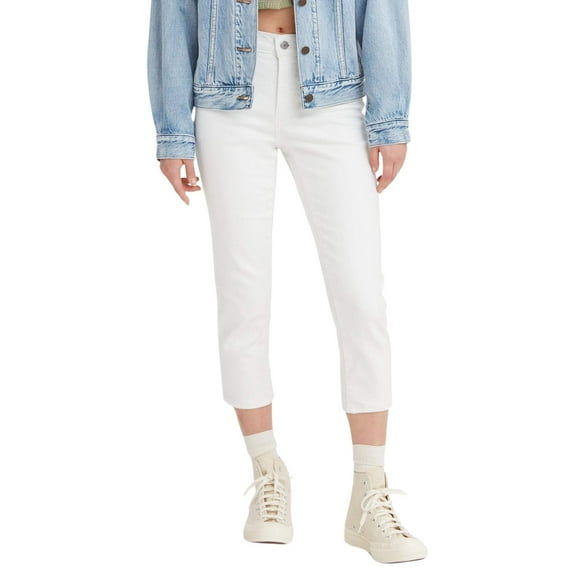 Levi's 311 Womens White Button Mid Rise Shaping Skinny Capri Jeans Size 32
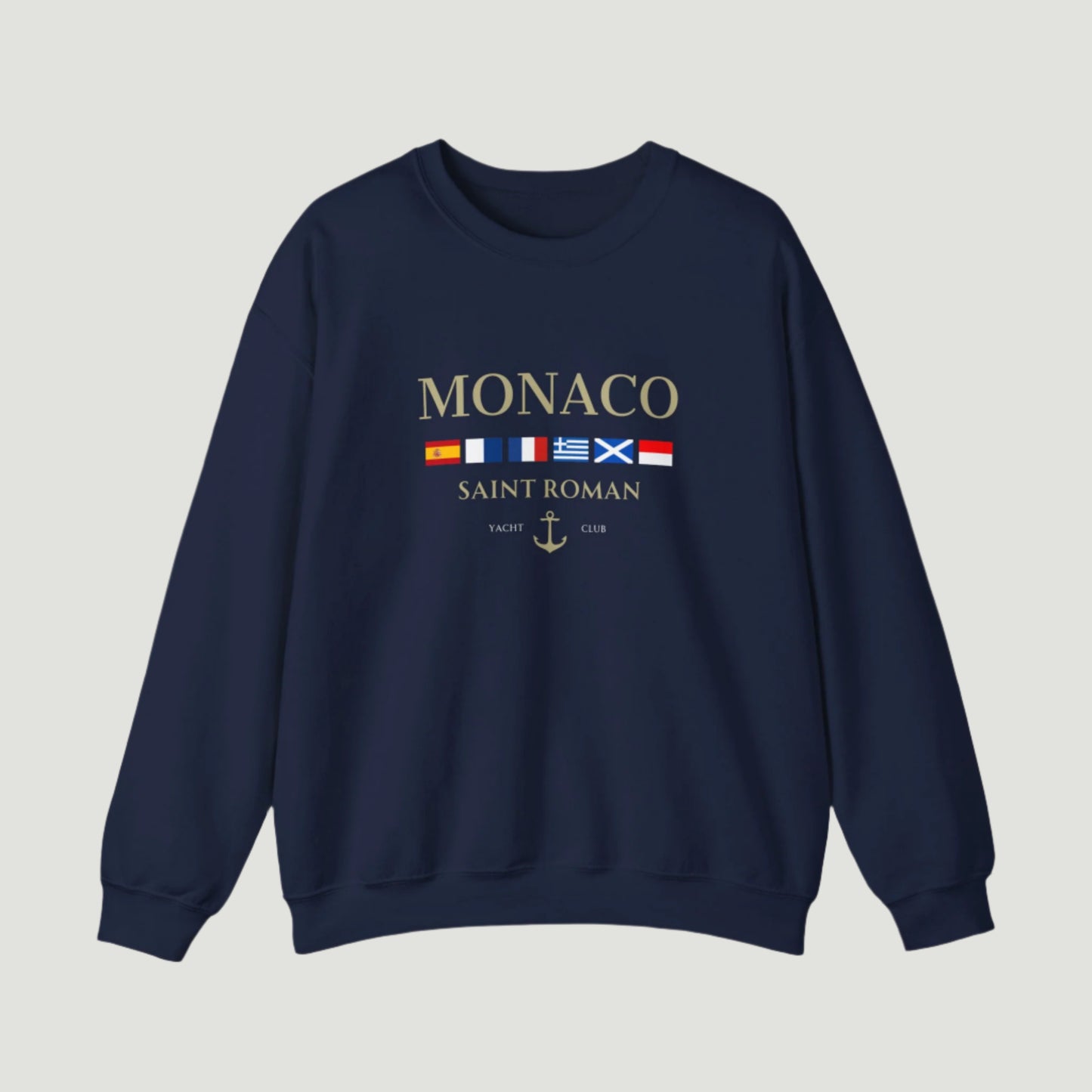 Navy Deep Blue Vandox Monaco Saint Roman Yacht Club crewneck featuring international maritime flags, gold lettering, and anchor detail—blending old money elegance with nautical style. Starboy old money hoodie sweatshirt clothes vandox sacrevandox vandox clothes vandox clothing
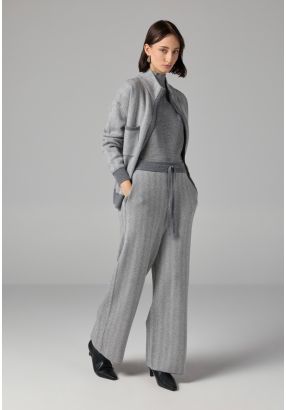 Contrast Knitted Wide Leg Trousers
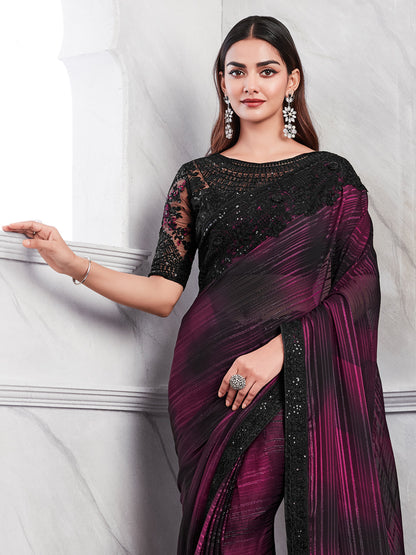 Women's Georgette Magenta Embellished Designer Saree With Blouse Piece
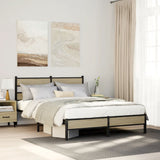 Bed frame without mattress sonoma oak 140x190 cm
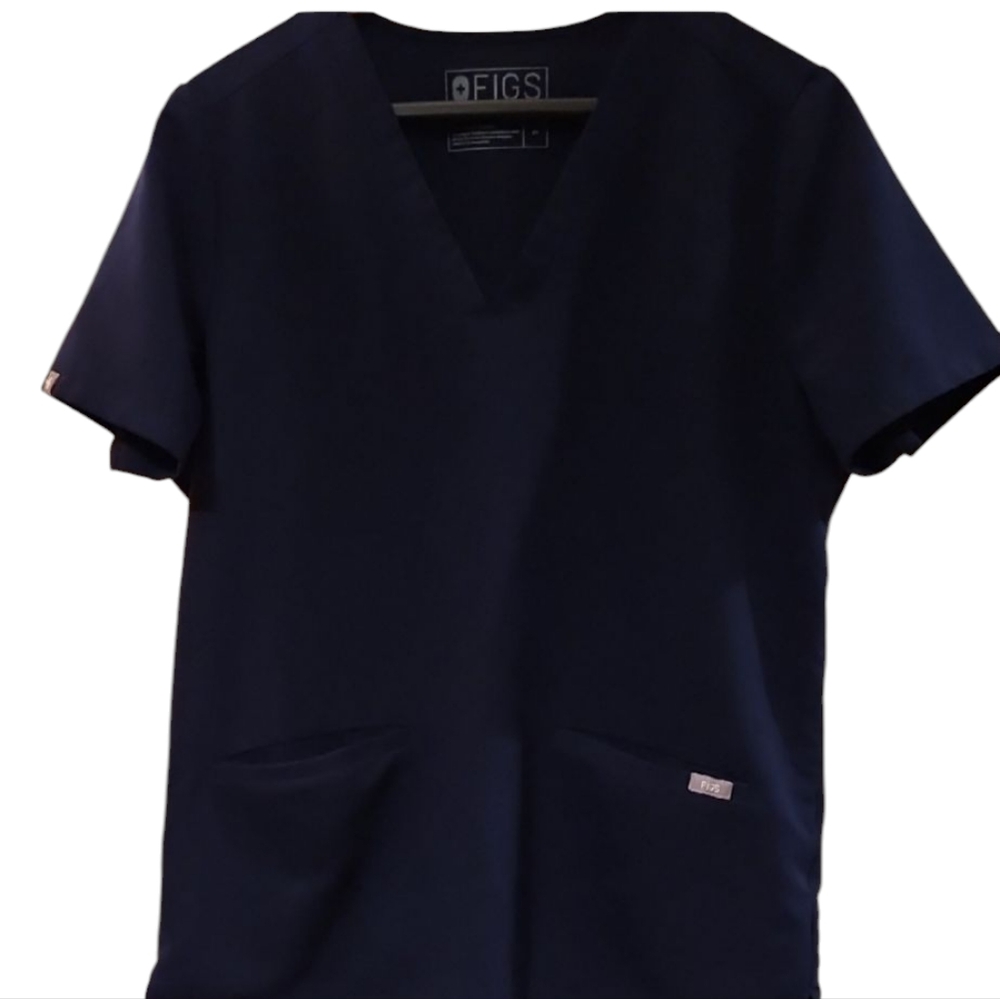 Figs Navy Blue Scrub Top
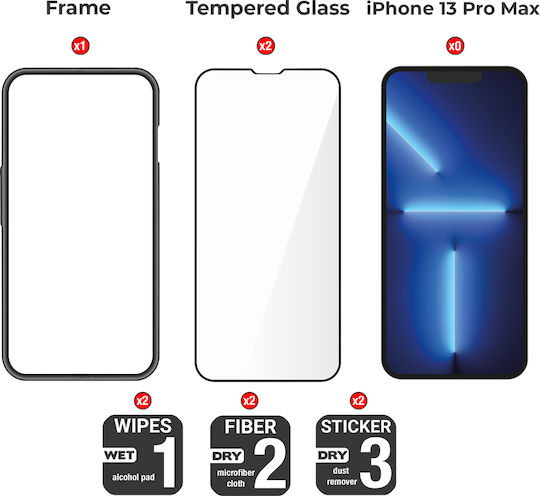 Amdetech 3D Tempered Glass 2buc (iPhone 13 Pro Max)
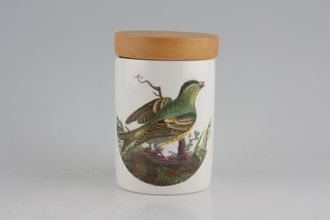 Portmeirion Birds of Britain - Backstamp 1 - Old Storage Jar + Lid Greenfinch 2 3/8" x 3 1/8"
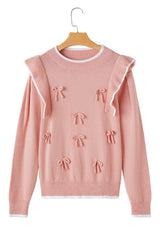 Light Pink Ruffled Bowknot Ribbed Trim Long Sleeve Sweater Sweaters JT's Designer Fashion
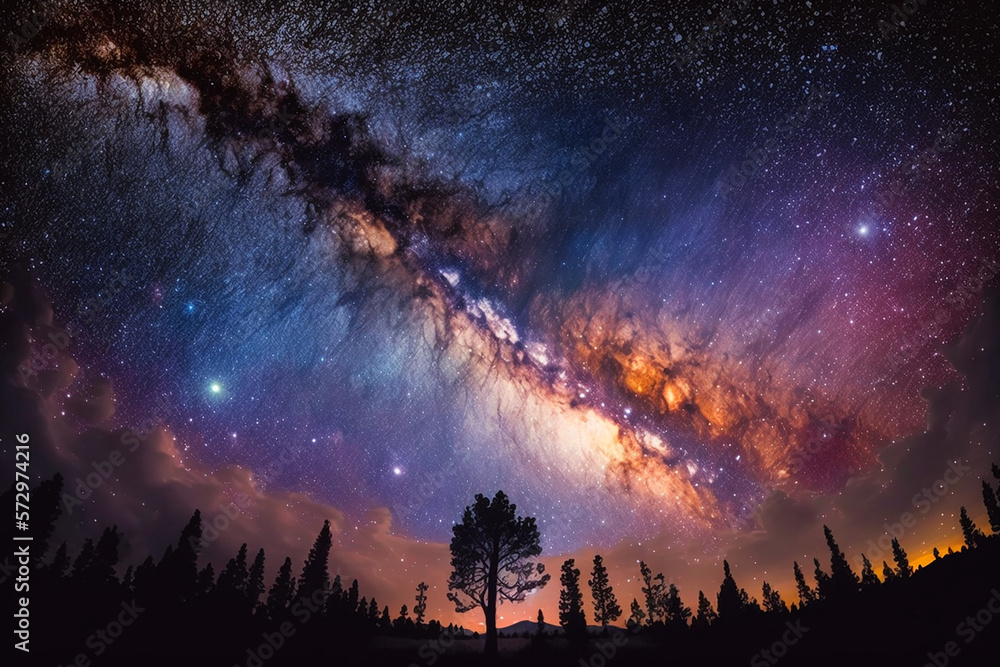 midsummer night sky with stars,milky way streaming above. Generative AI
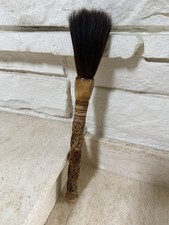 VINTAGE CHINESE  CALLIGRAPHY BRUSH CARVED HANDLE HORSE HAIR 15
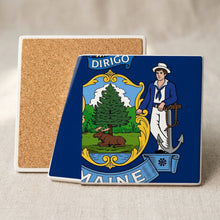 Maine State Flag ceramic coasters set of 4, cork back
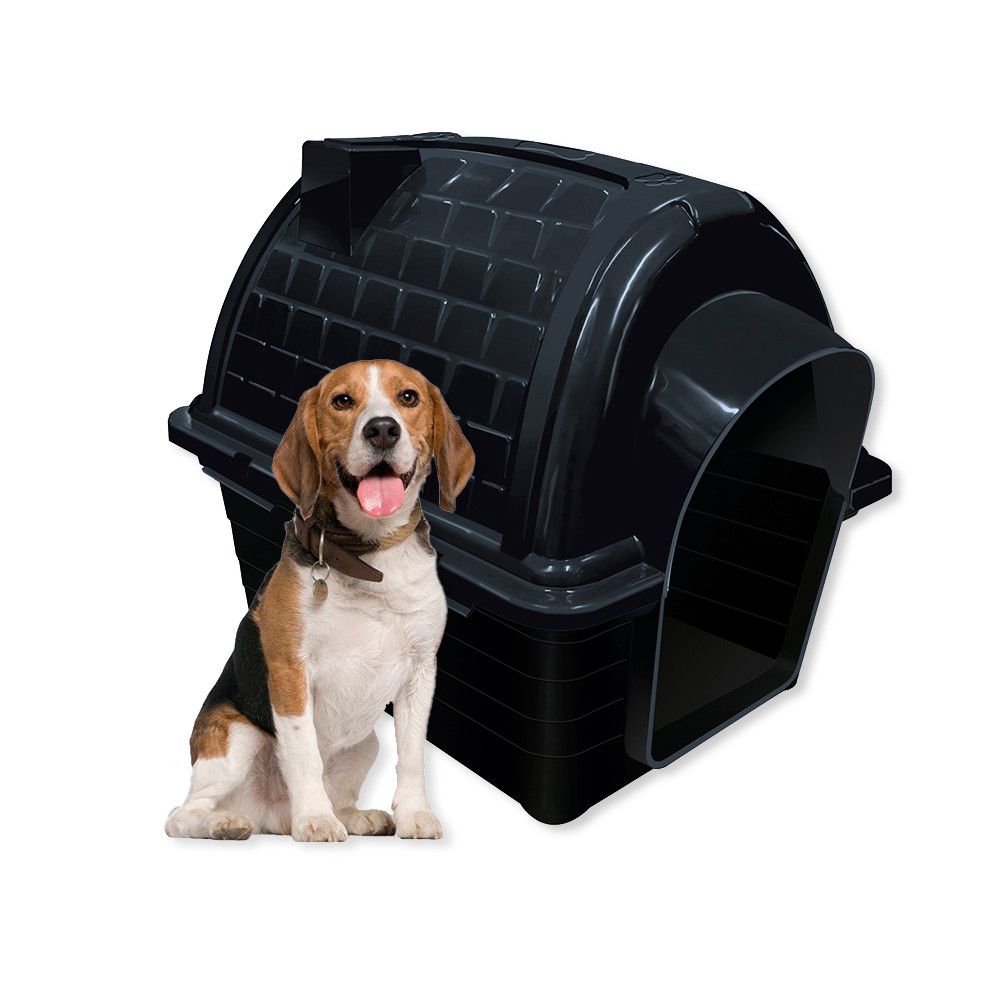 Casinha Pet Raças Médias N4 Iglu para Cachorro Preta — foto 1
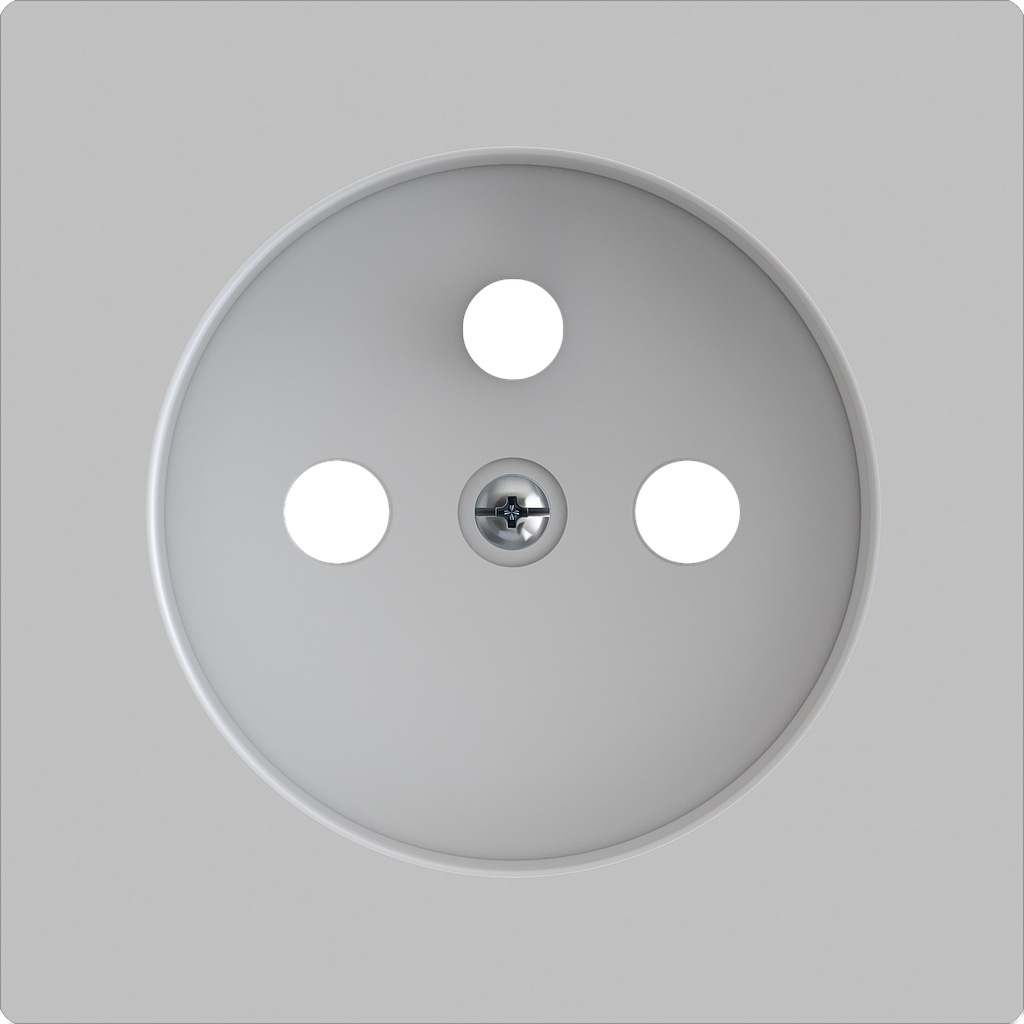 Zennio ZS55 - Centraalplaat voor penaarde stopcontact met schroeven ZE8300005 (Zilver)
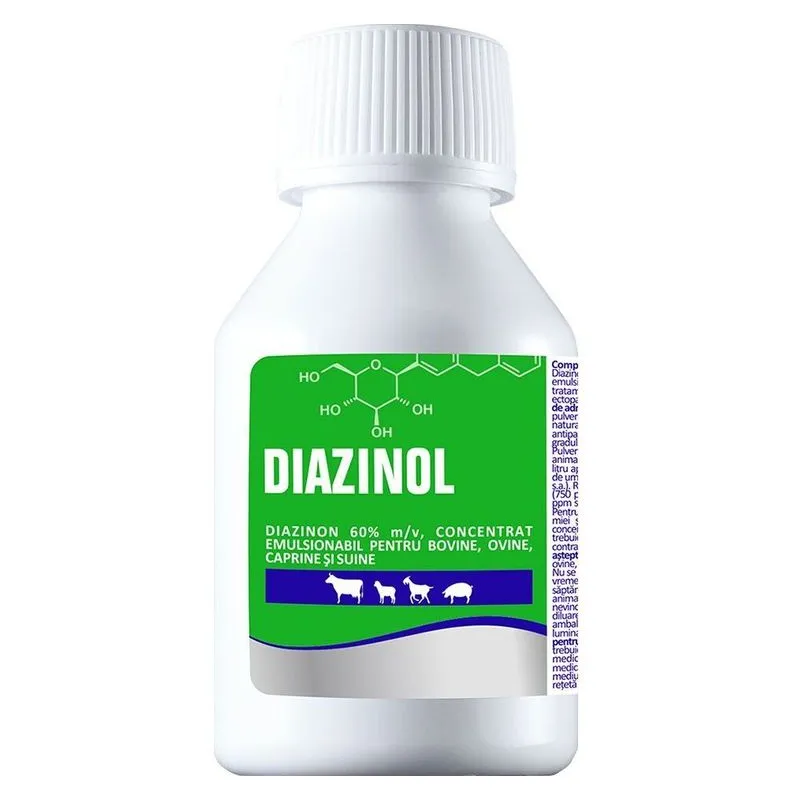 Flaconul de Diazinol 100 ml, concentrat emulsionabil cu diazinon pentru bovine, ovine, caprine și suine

» **Exercise**
Your task is to copy exactly the lines from the line containing "Maine State Flag" through the final line of the listing above and to omit every picture.

» **Response to the task**
 Maine State Flag ceramic coasters set of 4, cork back
 Casinha Pet Raças Médias N4 Iglu para Cachorro Preta — foto 1
 Zennio ZS55 - Centraalplaat voor penaarde stopcontact met schroeven ZE8300005 (Zilver)
 Flaconul de Diazinol 100 ml, concentrat emulsionabil cu diazinon pentru bovine, ovine, caprine și suine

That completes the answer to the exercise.